INGREDIENTS • 8 veal cutlets (about 3 oz. each) • Salt and freshly ground black pepper, to taste • 2-3 tablespoons unsalted butter • 2-4 tablespoons olive oil • 1 large shallot, finely chopped • 2-4 garlic cloves, smashed • 2 oz. assorted , sliced • ½ cup sweet Marsala • ¾ cup low-sodium chicken broth • Leaves from 1 fresh rosemary sprig

INSTRUCTIONS 1. Sprinkle the veal with salt and pepper. Melt 1 tablespoon of butter and 1 tablespoon of oil in a large skillet over medium-high heat. Add 4 veal cutlets and cook until golden brown, about a minute and a half per side. Transfer the veal to a plate. Add another tablespoon of butter and oil, if necessary. Repeat with the remaining 4 cutlets. Set the cutlets aside. 2. Add 1 tablespoon of oil to the skillet. Add the shallot and garlic. Sauté until fragrant, about 30 seconds. Add a tablespoon of the olive oil, if necessary. Add the mushrooms and sauté until tender and the juices evaporate, about 3 minutes. Season with salt. Add the Marsala. Simmer until the Marsala reduces by half, about 2 minutes. Add the broth and the rosemary leaves. Simmer until reduced by half, about 4 minutes. Return the veal to the skillet. Pour in all of the pan juices. Cook just until heated through, turning to coat, about 1 minute. Stir the remaining 1 tablespoon of butter into the sauce. Season the sauce with salt and pepper, to taste. 3. Using tongs, transfer the veal to plates. Spoon the sauce over the veal and serve.

Submitted by: Sue Waters

16 Yorkshire Pudding

CULTURE OR COUNTRY OF ORIGIN: ENGLAND The name “pudding” is misleading. Think of this as a buttery, eggy, fluffy, savory pancake. It is great as a substitute for bread. We make it every Thanksgiving. We always double the batch.

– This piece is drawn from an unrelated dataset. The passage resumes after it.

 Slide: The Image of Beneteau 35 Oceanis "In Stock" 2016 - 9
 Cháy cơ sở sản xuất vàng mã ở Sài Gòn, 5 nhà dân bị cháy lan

INGREDIENTS • 1 cup flour • ½ teaspoon salt (If doubling recipe, only use ½ teaspoon.) • 1 cup whole milk • 2 eggs • 1 stick (½ cup) butter (If doubling recipe, only use 1½ sticks.)

INSTRUCTIONS 1. Heat oven to 400º. 2. Place butter in 8-inch square baking dish (13x9 if doubling the recipe). Melt in oven until bubbly and slightly brown. 3. While butter melts, beat the eggs, add the milk, salt, and flour. Mix until it reaches a pancake batter consistency. 4. Remove dish with melted butter from oven, pour batter into baking dish, and return to oven. 5. Bake at 400º for 15 minutes, then reduce oven to 350º and bake for another 15 minutes, or until puffy and golden brown (may need extra time if doubling). It should have big bubbles throughout the entire pan and be cooked through. 6. Cut into squares and serve warm from the oven.